今回の購入価格は、セール時にDLCがセットになったシーズンパス付で3000円程度でしたが、この価格なら十分に内容に沿った価格だと思います。
DLCベースとはいえども、単体で発売できるほどのプレイボリュームにもっていっており、プレイ時間だけでいえば年末年始の長期休暇の間、6日間を費やして廃人プレイを堪能したのですが、それでも3週目の初めあたりというボリュームがあります。
※DLC含む。1週目サブクエストほぼクリア、2・3週目メインクエストのみ。
また、Borderlandsシリーズの売りのひとつであるアイテム収集については、前作同様にボリュームがあるため、アイテム収集にいそしむプレイヤーには前作同様の楽しみ方が味わえますし、周回プレイを楽しむためのハードモードのVault hunter modeとウルトラハードモードのUltimate Vault Hunter Modeも用意されています。
Ultimate Vault Hunter ModeをCLAPTRAPでクリアしてみたのですが、少しのミスで雑魚敵にやられるほど歯ごたえのあるハードっぷりにBorderlandsらしさを感じているところです。
前日譚の難しさ
Borderlands: The Pre-Sequelは前作Borderlands 2とBorderlandsの間のストーリーを補完する内容になっていますが、前日譚にありがちな矛盾や強引な後付け設定感はなく、よく内容が練られていることが伺えます。

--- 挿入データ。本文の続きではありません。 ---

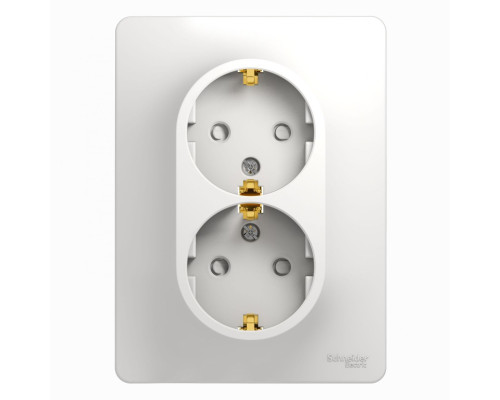 Розетка 2-местная, с заземлением со шторками с рамкой Schneider Electric Glossa GSL000126 Белый - GS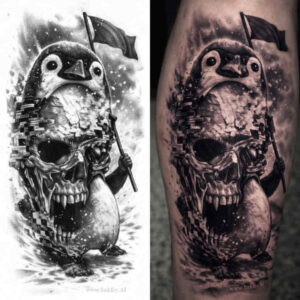 Black and grey tattoo design idea showing a skull with a bird perched atop; monochrome, high-contrast shading, AI-generated concept, perfect for cover-up.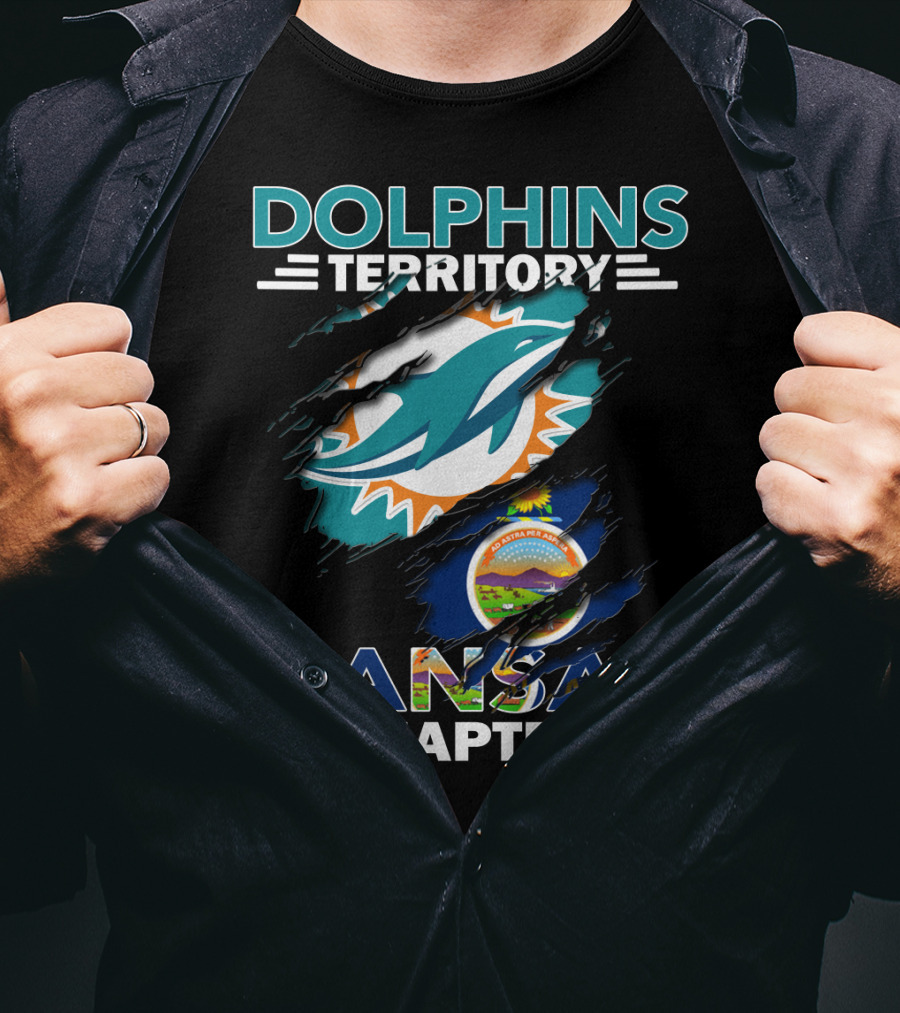 Dolphins Territory Kansas Chapter Miami Dolphins Fan Group With Kansas State Seal T-Shirt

今までにつくられたBorderlandsの世界観がバックグランドに存在し、それがしっかり土台として支えており、また、本作でその世界観を破壊することなくストーリーを綺麗にまとめあげていると感じます。
ただし、ストーリーについてはBorderlands 2と密接に関係しており、また、バックグラウンドにあるBorderlandsシリーズの世界観についてはBorderlandsからプレイしないと味わえないため、初めてのBorderlandsシリーズをプレイする人にはお勧めできない内容となっています。
今作では、前作の悪役として登場したハンサムジャックと共に、彼がいかにしてHyperion社の一介のプログラマーであるジョンから、Hyperion社を牛耳るCEOハンサムジャックになっていくのか、その過程を垣間見ることができますが、彼を知るためにはBorderlands 2からプレイしておかないと、彼の性格やストーリー中の出来事が解りにくくなっています。
他にもBorderlandsから登場する主人公や主要キャラクターたちも僅かながら登場することもあり、できればBorderlands 2をプレイしたうえで、可能であればBorderlandsからプレイしたうえでBorderlands: The Pre-Sequelをプレイすることをお勧めします。
月の低重力・無酸素状態
さて、前作Borderlands 2までプレイした人向けとしては、Borderlands: The Pre-Sequelはどう変わったのかが気になるところですが、前作までの舞台である惑星Pandoraから舞台は惑星Pandoraの月Elpisに移動しているため低重力・無酸素状態という要素が追加されている点が大きく目立ちます。
それに伴い、レリックが廃止されO2キットが代わりに追加されています。O2キットはその名のとおり酸素供給キットで、屋外の無酸素状態ではO2キットに蓄積した酸素を消費することになり、残量が0になるとライフが減っていきます。
また、低重力を活かしたアクションが追加されており、O2キットの酸素を消費して2段ジャンプを行なうエアーブーストや、高所から急降下して範囲攻撃するスラムアタックの追加といった要素が、従来までのプレイスタイルを変える、もしくは拡張する大きな要素になっています。
特に、今作で追加されたクリオ属性(氷)は周回プレイでは重宝する要素で、前作のスラグに匹敵する重要な要素でもあります。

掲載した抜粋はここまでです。